Task description: From the first line of the data below, copy each line up to the one containing "PIERO – CODED PRESENCE", and include that line too.

(Records from a collection)
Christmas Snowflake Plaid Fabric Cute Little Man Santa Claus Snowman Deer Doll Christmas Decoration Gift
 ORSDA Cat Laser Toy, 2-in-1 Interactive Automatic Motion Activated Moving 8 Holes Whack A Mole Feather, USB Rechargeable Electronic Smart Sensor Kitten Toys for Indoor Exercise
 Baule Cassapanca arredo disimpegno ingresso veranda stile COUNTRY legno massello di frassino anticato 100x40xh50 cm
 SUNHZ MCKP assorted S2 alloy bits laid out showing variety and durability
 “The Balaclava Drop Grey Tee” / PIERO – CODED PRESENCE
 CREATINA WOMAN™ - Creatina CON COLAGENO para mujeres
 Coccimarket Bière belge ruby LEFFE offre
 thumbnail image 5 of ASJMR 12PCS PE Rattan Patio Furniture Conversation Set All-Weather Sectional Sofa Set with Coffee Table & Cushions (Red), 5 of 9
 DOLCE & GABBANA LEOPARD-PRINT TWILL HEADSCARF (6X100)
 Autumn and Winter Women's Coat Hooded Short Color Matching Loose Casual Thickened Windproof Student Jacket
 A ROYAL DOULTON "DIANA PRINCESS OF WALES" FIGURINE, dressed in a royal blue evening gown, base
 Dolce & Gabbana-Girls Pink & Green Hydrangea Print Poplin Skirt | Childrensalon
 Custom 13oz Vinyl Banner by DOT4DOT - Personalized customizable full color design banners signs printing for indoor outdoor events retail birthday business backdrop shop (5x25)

Solution to this exercise:
Christmas Snowflake Plaid Fabric Cute Little Man Santa Claus Snowman Deer Doll Christmas Decoration Gift
 ORSDA Cat Laser Toy, 2-in-1 Interactive Automatic Motion Activated Moving 8 Holes Whack A Mole Feather, USB Rechargeable Electronic Smart Sensor Kitten Toys for Indoor Exercise
 Baule Cassapanca arredo disimpegno ingresso veranda stile COUNTRY legno massello di frassino anticato 100x40xh50 cm
 SUNHZ MCKP assorted S2 alloy bits laid out showing variety and durability
 “The Balaclava Drop Grey Tee” / PIERO – CODED PRESENCE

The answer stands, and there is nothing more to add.